The thing which seems most significant to me about this table is the fact that in the year 1940 we find 393 issues of securities sold without registration under the act. Deducting from that total the 10 railroad issues, which are otherwise exempt, and we have a total of 383 issues.
Now, if we look at the Securities and Exchange Commission's report for 1940, covering the period July 1, 1939, to June 30, 1940, we find on page 246 of that report that only 56 issues of secured bonds and only 40 issue of unsecured bonds were registered under the Securities Act during that period of 12 months.
For the year 1940, we have this strictly comparable figure, as compared with 383 issues sold without registration under the 1933 act there were 61 secured issues and 38 unsecured bond issues, or a total of 99 issues registered with the Commission under the 1933 act.
Mr. BOREN. Mr. Stewart, I do not want to precede your thought on it, but the charts up to this point definitely indicate that the average citizen—the laborer, the school teacher, the farmer, and what not-has not had an opportunity to have purchased at least 47 percent even of the public-utility securities offered for sale.
Mr. STEWART. That would be about right, sir. The large purchasers having large amounts of money have had a great advantage over the smaller investors. I hope to show you as I go along why this is so.
We were told yesterday, or perhaps it was the day before, that the reason lies entirely in the fact that the large insurance companies are hungry. I do not deny that they may have been hungry; but, as I look back to the period before the Securities Act came into existence, I see that the total assets of the big insurance companies were even then very great, indeed. I think that for the companies covered by the report of the Association of Life Insurance Presidents, there were around $18,000,000,000 of assets before the Securities Act came into existence. While the hunger of the life companies may be more intense today, it seems to me that with $18,000,000,000 of assets they were not without an acquaintance with the pains of hunger at that time-prior to 1933—and yet this practice did not exist then.
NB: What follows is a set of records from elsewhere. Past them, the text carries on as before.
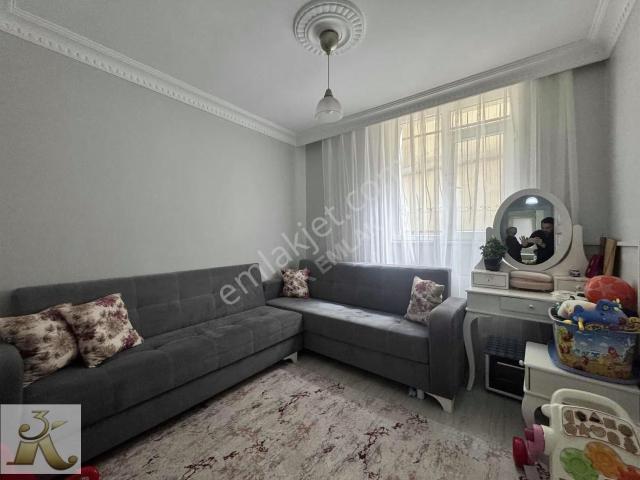 3k Emlak'tan Satılık Yunus Emre Mah. 2+1 Masrafsız Bahçe Katı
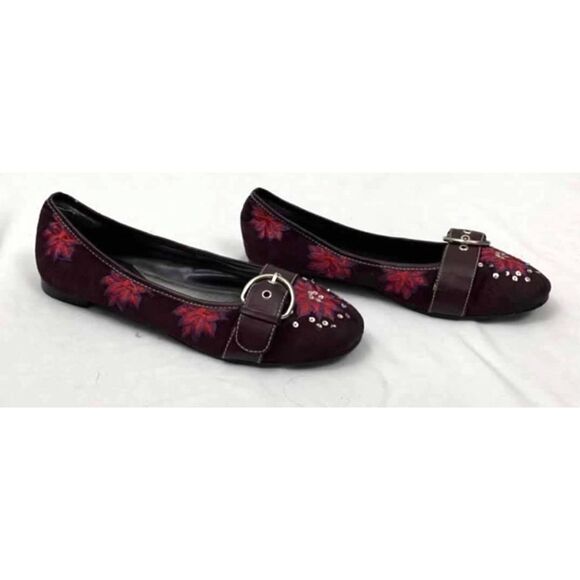 9.5 Maroon Suede Pink Embroidered Flats - Picture 2 of 2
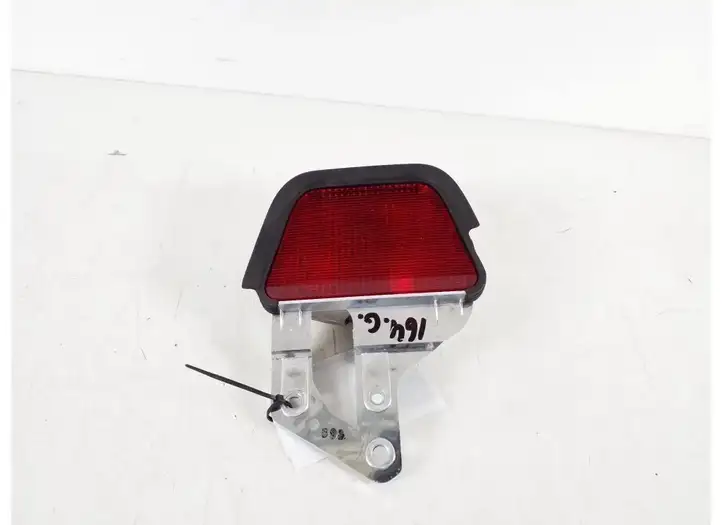 Toyota Avensis T250 (2003 - 2006) 81570-05081 Дополнительный стоп фонарь — фото 1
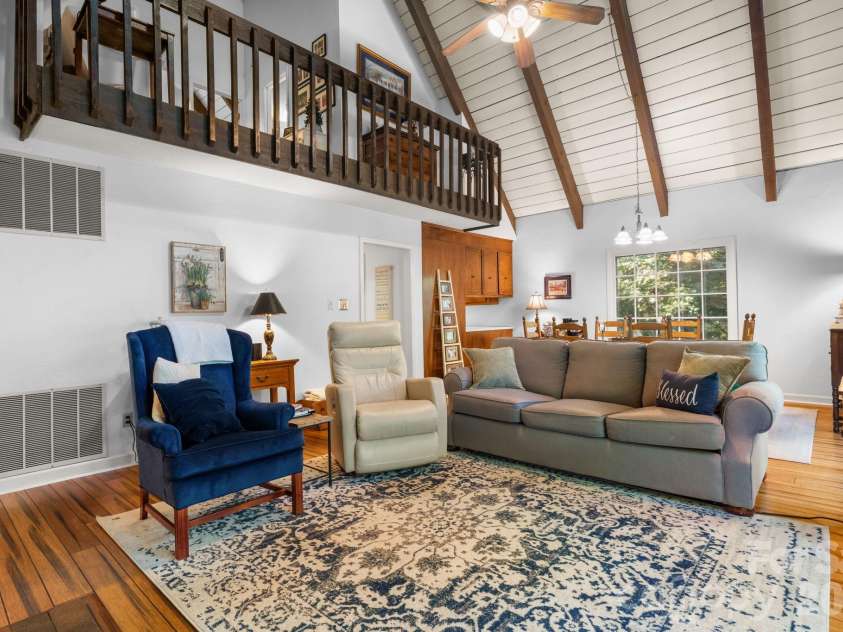 5562 Clearlake Drive, Hickory, NC 28601.  MLS# CAR4407359, YatesRealty ID 39711. 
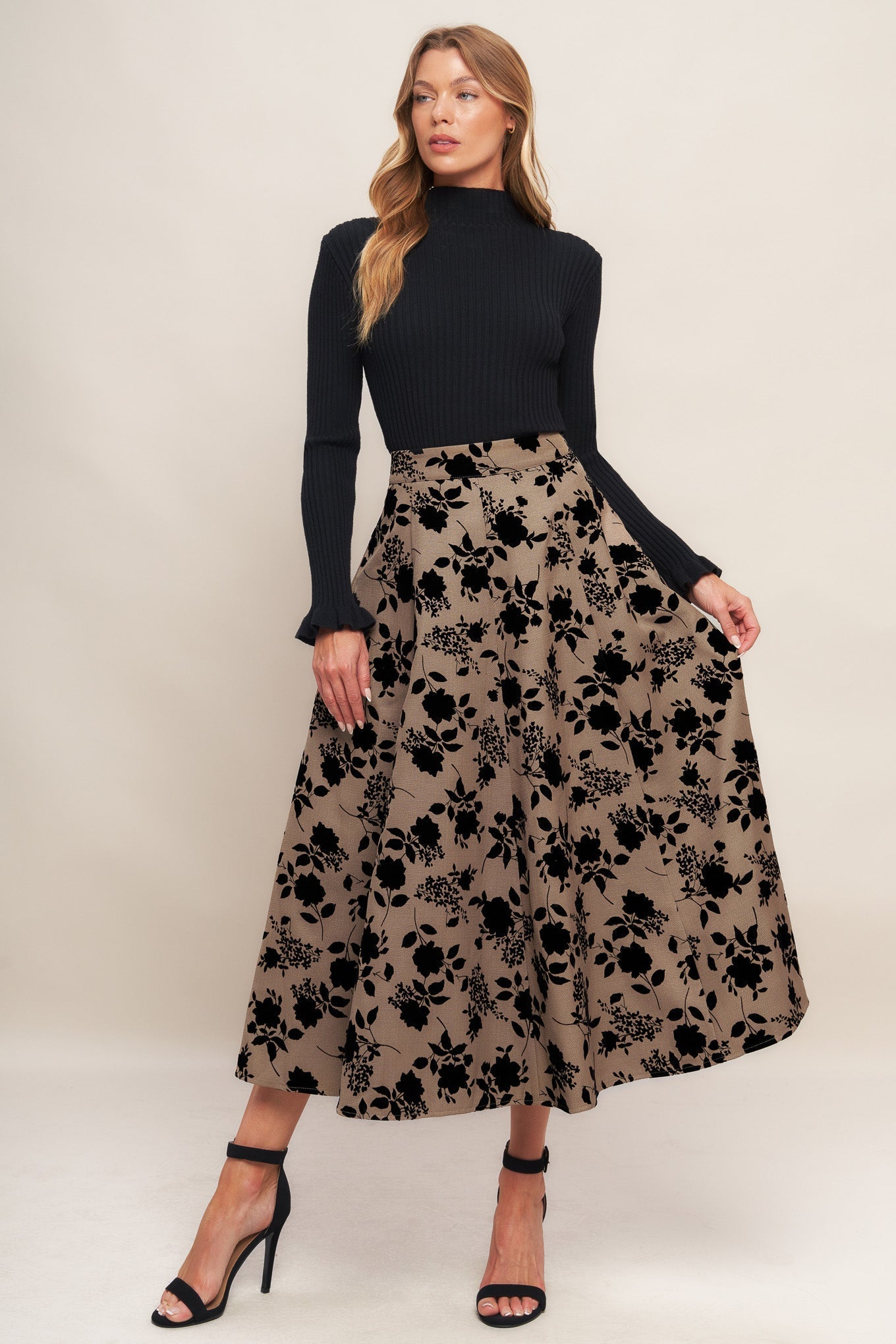 CLASSIC BLOOM LOOK WOVEN FLOCKING CIRCLE SKIRT Flying Tomato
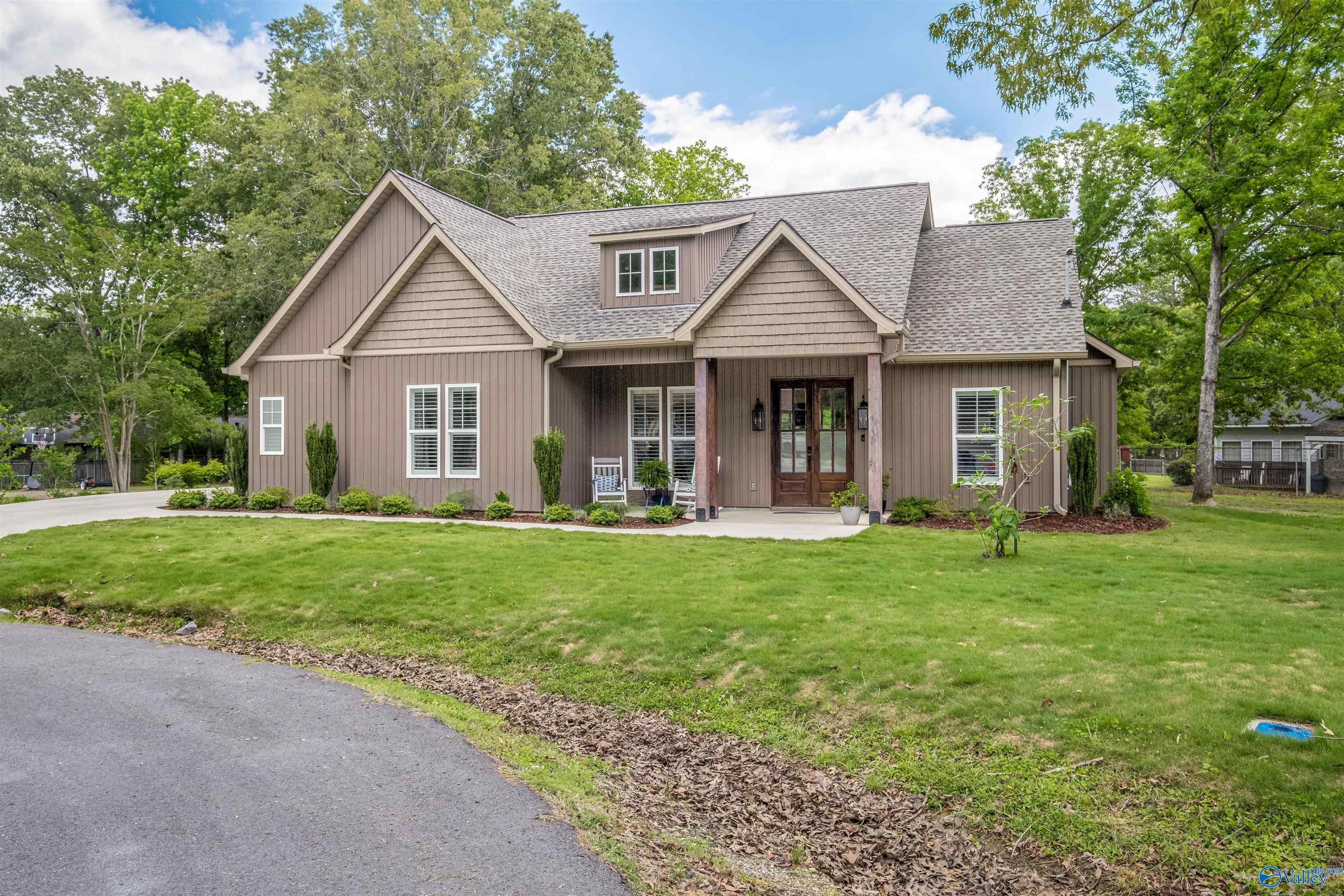 423 Waldrop Road, Rainbow City, Alabama image 2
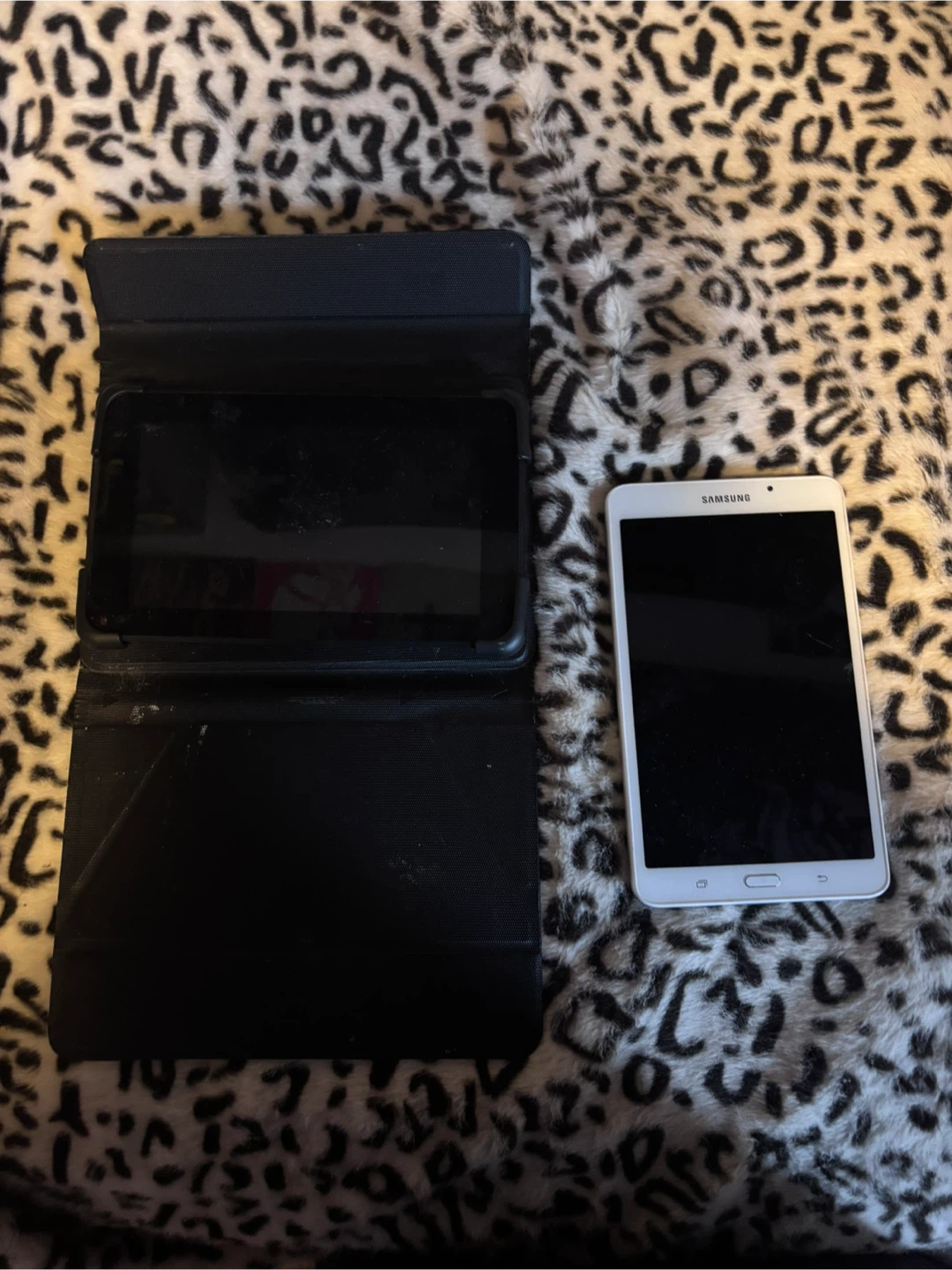 2 Samsung Tablet with Case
Mr. BOREN. The fundamental principle of economic democracy involves an opportunity, and the door was closed to purchase and the opportunity of ownership to every citizen; and, of course, frankly, I am a lot less interested in the competitive injustice that might occur to you folks than I am in that principle, and I know that you will fully develop it here. We do not care so much about you fellows, you know, as an individual group, as we do the interest of the public.
Mr. STEWART. We realize that, Mr. Boren. Happily for us it is our good fortune today that our interests coincide wholly with the public interest and with the interests of the great majority of investors.
Mr. REECE. Mr. Stewart, you would make a good candidate for Congress.
Mr. STEWART. I greatly appreciate the compliment, sir.
Mr. YOUNGDAHL. There may be another interest involved that may not be important. I do not know. But I would like to have you tell me about that 47 percent of the business that has gone to the private market. No doubt that has affected the organization of the various investment companies throughout the country.
Mr. STEWART. Yes, Mr. Youngdahl.
Mr. YOUNGDAHL. And has resulted in reducing the number of employees, and so forth?
Mr. STEWART. Well, Mr. Youngdahl, it is a fact, as shown by a census which the Investment Bankers Association conducted a year ago that the number of employees in the dealer and investment banking organizations has diminished quite materially in recent years.
The situation in which the investment banking business and the dealer organizations find themselves today is that they are being told that they must content themselves with tilling the rocky uplands and hillsides where there is no covering of earth. They must never, on any occasion, engage in farming down in the fertile valleys below; and, of course, any farmer who has been driven out of the bottom lands to the barren fields above ceases to be a very successful farmer. That is also true of the investment banking business. That does affect the public interest, too. If there is a desire to maintain an organization,
Mr. ŠTEWART. As I say, if there is a desire to have in this country an investment banking organization which can effectively serve the public interest, it must be allowed to handle the best corporate issues as well as those which are speculative in character and involve greater elements of risk.' The business of investment banking must be well balanced or it cannot continue to exist.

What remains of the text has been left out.